ENTREVISTA: Anke Schwarzer

Há algum lugar em Hamburgo que, ao pensar no passado colonial e no presente desta cidade, tenha para si um significado especial?

Para mim, o porto reveste-se de um significado bastante importante; e o mesmo se aplica também à Afrikahaus, a sede da companhia de navegação conhecida como Woermann-Linie. Este aspeto é muito significativo. A Woermann-Linie desempenhou um papel determinante no colonialismo. Foi por intermédio dela que se enviou os soldados da Schutztruppe, as tropas coloniais, para a Namíbia. Um outro lugar que me ocorre são as instalações da antiga Caserna Lettow-Vorbeck, no bairro de Jenfeld, ali fundada pela Wehrmacht. Um dos edifícios desse antigo quartel recebeu o nome de Lothar von Trotha, o comandante responsável por crimes terríveis cometidos contra os Ovaherero e os Nama[1]. Ainda hoje se mantém algo assim em Hamburgo.

E há também a Igreja de São Miguel: no interior existe uma placa comemorativa que me incomoda. Ainda assim, acho que não tem diretamente a ver com o colonialismo.

"A Igreja em geral, não necessariamente a Igreja de São Miguel em concreto, está envolvida no processo histórico. Não podemos simplesmente ignorar esse facto."

Por que razão pensa que esta placa comemorativa em honra dos soldados coloniais de Hamburgo nada tem a ver com o colonialismo? 

Na verdade, essa placa comemorativa terá mais a ver com o enaltecimento do colonialismo, não tanto com o colonialismo em concreto, tal como aconteceu na prática, ou com a guerra. O que pretendo dizer é que a Igreja de São Miguel não esteve diretamente envolvida, mas que mais tarde, após a guerra, honrou a memória dos soldados e, através deles, da Schutztruppe, que esteve envolvida no genocídio dos Ovaherero e dos Nama. Nesse sentido, tem indiretamente a ver com o colonialismo. A Igreja em geral, não necessariamente a Igreja de São Miguel em concreto, está envolvida no processo histórico. Não podemos simplesmente ignorar esse facto. As pessoas esquecem-se sempre que a Igreja, os missionários foram os primeiros a começar a converter pessoas.

Há alguns anos estive com colegas em Hamburgo e para nós foi realmente chocante ver uma tal placa no interior de um local de culto. Nessa altura, fizemos ouvir o nosso protesto e falámos com o pastor. “Assim não pode ser”, dissemos. “Tem de complementar a placa com informação e esclarecer o seu significado!”

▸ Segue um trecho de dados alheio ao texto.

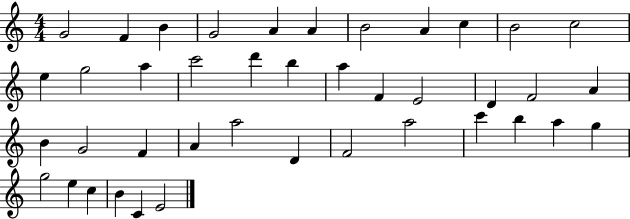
X:1
T:Untitled
M:4/4
L:1/4
K:C
G2 F B G2 A A B2 A c B2 c2 e g2 a c'2 d' b a F E2 D F2 A B G2 F A a2 D F2 a2 c' b a g g2 e c B C E2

Nessa ocasião, o pastor prometeu-nos que iria fazer qualquer coisa a esse respeito. Tomámos a iniciativa de, por baixo da placa, colocar uma imagem que mostra crânios a serem embalados por soldados alemães para posterior transporte de Swakopmund para a Alemanha. No entanto, quando estive em Hamburgo no ano passado, essa imagem com informação complementar havia desaparecido. O pastor deve tê-la retirado. Trata-se de um homem de Deus, mas no fundo não cumpriu a sua promessa. Na verdade, acho isso triste.  

A seu ver, o que deveria ser feito com a placa comemorativa? 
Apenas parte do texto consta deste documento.